Darren Aronofsky avait parfaitement conscience, avec ses acteurs, d’avoir mis au monde un film anormal, surtout dans le paysage hollywoodien où il évolue. À la Mostra de Venise, le film est hué (comme beaucoup d’autres avant et après lui), et divise profondément la critique. A sa sortie aux Etats-Unis, il y a un gros titre : c’est l’un des pires films pour le public, et l’un des pires démarrages de la carrière de Jennifer Lawrence.
Ceux qui auront remarqué les collusions lexicales, les clins d’oeils (notamment) à Abel et Caïn dans la première partie, auront sans doute compris que le cinéaste, au-delà de sa représentation du narcissisme et de rapports de domination, interrogeait la violence et le dévoiement qui accompagnent parfois la spiritualité humaine.


« Je me suis penché sur la Bible et la représentation de Dieu dans l’Ancien Testament. Quand vous observez ce Dieu, vous découvrez que si vous ne le vénérez pas, il vous tue. Quel genre de personnage agit de la sorte ? Pour moi il s’agissait de traduire ça en termes d’émotions humaines. »

Ce film pourtant détesté est porteur d’un vrai message et de réelles sensations.

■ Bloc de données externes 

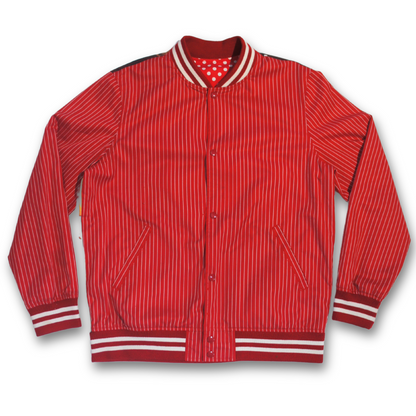 SS14 SUPREME X COMME DES GARÇONS REVERSIBLE VARSITY JACKET (XL)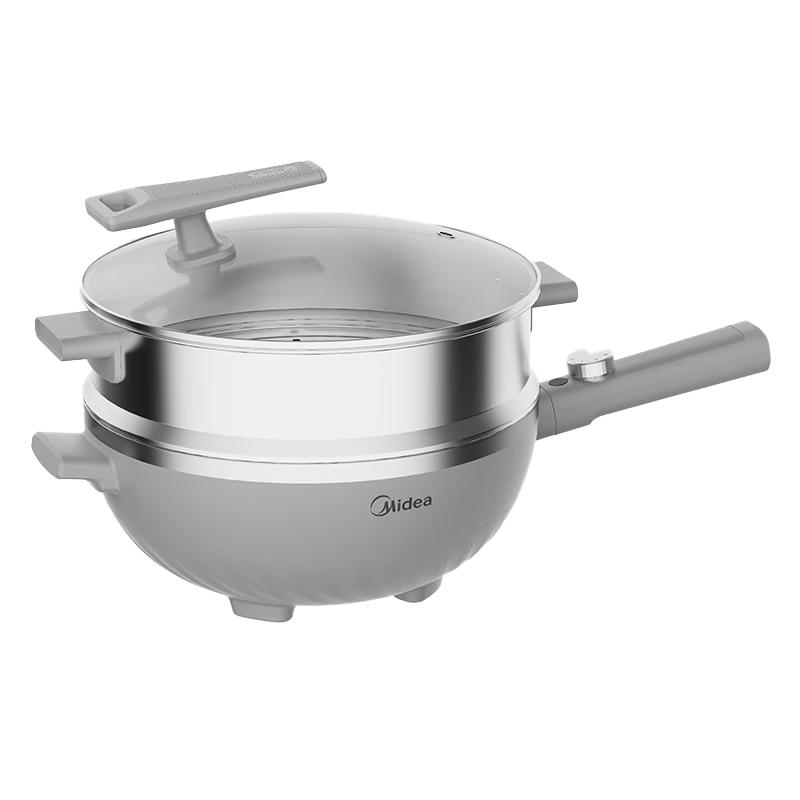 Midea 5.5L Multi-functional Electric Wok Cooker with Steamer CN plug (adapter included)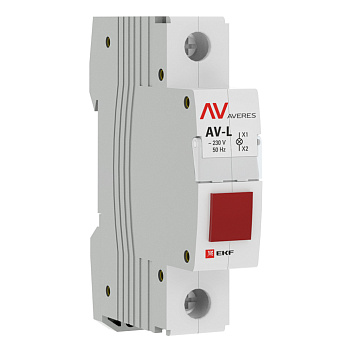 Лампа сигнальная AV-L красная AVERES EKF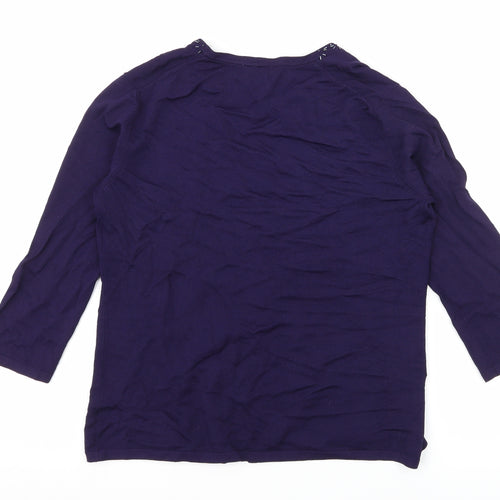CC Womens Purple  Knit Cardigan Jumper Size S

Je ne vous cache pas qu’après mon premier visionnage j’étais plutôt troublée et j’ai dû aller faire des recherches pour mieux le comprendre et pouvoir le visionner une deuxième fois en ayant pleinement conscience des détails et du message du film. C’est ici un film d’un tout autre genre qui n’est pas fait pour plaire mais qui mérite d’avoir sa chance auprès des spectateurs.